Scroll through many Linux forums/help sites and you'll hear people whining and complaining about printing under Wine. It seems to have also increased with the introduction of
CUPS. From what I could see people where having problems printing to a physical printer most of the time, even though their CUPS printers correctly are represented and available in Wine. (This is exactly what I was seeing -- just blank pages printed).
Unfortunately this was going to be a show-stopper. Without a way to print (paper or electronically) for MYOB the idea was dead in the water. I didn't want to run Windows XP in a virtual machine
(more on that in my next post over the following days).
I decided to sit down and take a bit of a fiddle (that's a technical term!)
Really -- if
CUPS-PDF didn't work, nor did my native printers attached; even a
Postscript file would be sufficient (I could then feed that into ps2pdf or something similar if I really wanted it in PDF format for Emailing, or just print the Postscript file directly to the printer).
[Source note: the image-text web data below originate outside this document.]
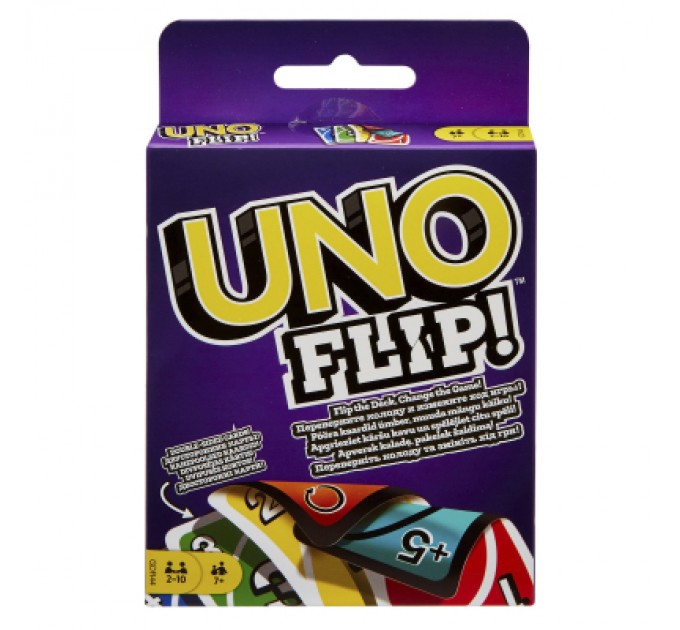 Настільна гра UNO Подвійна гра (GDR44)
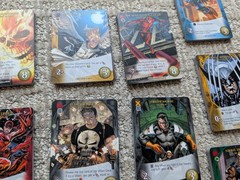 Legendary: Marvel Deck Building Game – Core game, Dark City Expansion, and GOTG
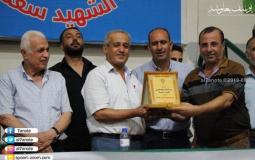 الشعبية تهنئ نادي خدمات رفح لفوزه ببطولة دوري الشهيد غسان كنفاني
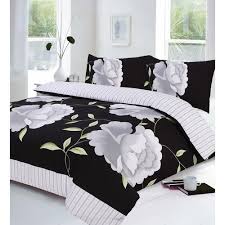Black And White Duvet Cover Nz Rosaleen 148 Tc Percale Duvet Cover Set Nz Size Double Colour White With Images Duvet Bedding Bed Bed Sheets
I found that within the printing application I could create a virtual printer that printed a postscript file directly to a file in Linux. Okay, that works fine under Linux... Now the big test, did it print fine with MYOB running under Wine?
I could see the printer fine (as I could with all the other CUPS printers previously). I bit my bottom lip and hit print. Low and behold... a working report!
Even better I could link the Postscript printer to the CUPS-PDF printer and it would convert it
auto-magically into a PDF for me.
I since tested a range of applications under Wine and they all seem to be printing.
So if you need to print in Wine and don't want a headache, try the local Postscript virtual printer hack. It works well.
For those that want to replicate it, here is a series of pictures showing the Postscript printer properties.
And if you still don't believe.... here is some sample print jobs:
So have fun and happy printing from within Wine.